(EXERCISE INPUTS):
Content starts

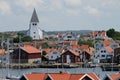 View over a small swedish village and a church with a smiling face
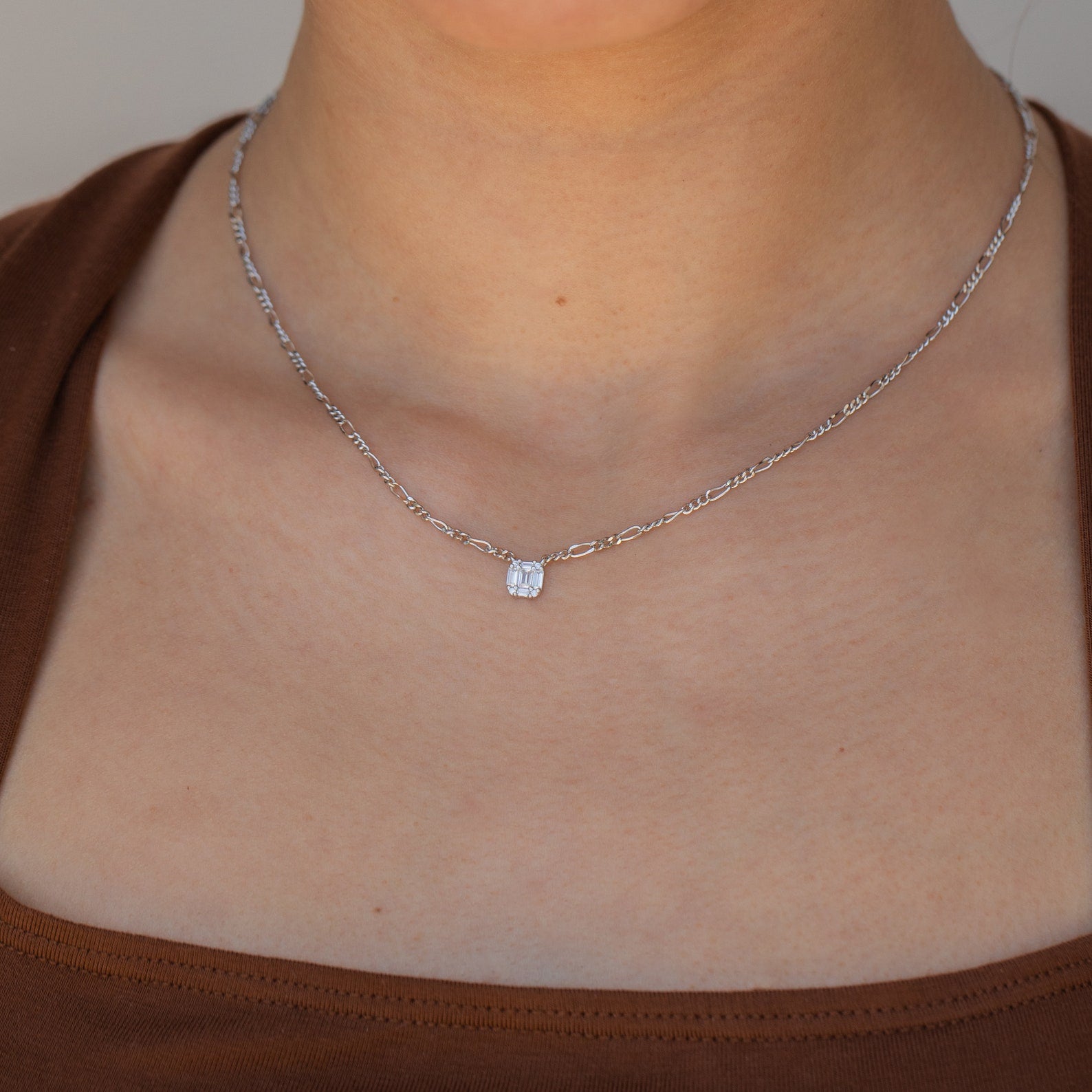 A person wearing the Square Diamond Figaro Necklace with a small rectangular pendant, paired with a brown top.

Content ends
Content starts

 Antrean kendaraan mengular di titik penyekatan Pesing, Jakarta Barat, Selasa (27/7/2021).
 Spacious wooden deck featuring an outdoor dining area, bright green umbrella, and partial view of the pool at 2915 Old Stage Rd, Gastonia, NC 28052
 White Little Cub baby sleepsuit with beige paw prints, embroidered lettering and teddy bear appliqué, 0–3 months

Content ends

(ASSIGNMENT): Retype exactly the lines above, from the one with "Antrean kendaraan mengular" through the one with "White Little Cub", inclusive.

(WRITTEN SOLUTION):
 Antrean kendaraan mengular di titik penyekatan Pesing, Jakarta Barat, Selasa (27/7/2021).
 Spacious wooden deck featuring an outdoor dining area, bright green umbrella, and partial view of the pool at 2915 Old Stage Rd, Gastonia, NC 28052
 White Little Cub baby sleepsuit with beige paw prints, embroidered lettering and teddy bear appliqué, 0–3 months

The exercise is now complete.